*Task to carry out*: Some lines of the records below include the word "from". Report how many, and write nothing besides the number.

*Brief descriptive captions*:
————

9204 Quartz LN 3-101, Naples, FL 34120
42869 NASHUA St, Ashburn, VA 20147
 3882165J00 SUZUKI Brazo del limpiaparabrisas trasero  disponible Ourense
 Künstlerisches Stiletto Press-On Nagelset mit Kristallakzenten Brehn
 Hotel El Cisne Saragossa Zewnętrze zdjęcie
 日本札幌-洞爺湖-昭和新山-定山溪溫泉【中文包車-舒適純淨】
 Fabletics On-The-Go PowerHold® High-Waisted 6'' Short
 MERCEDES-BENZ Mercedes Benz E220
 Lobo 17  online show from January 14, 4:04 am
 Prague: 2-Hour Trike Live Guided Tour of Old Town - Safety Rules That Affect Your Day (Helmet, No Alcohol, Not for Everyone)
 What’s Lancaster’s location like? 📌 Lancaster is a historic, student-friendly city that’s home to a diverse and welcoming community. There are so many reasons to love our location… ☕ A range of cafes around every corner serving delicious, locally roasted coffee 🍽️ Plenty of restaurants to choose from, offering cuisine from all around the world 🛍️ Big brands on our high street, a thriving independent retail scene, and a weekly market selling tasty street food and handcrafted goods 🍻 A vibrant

————

*Solution*: 2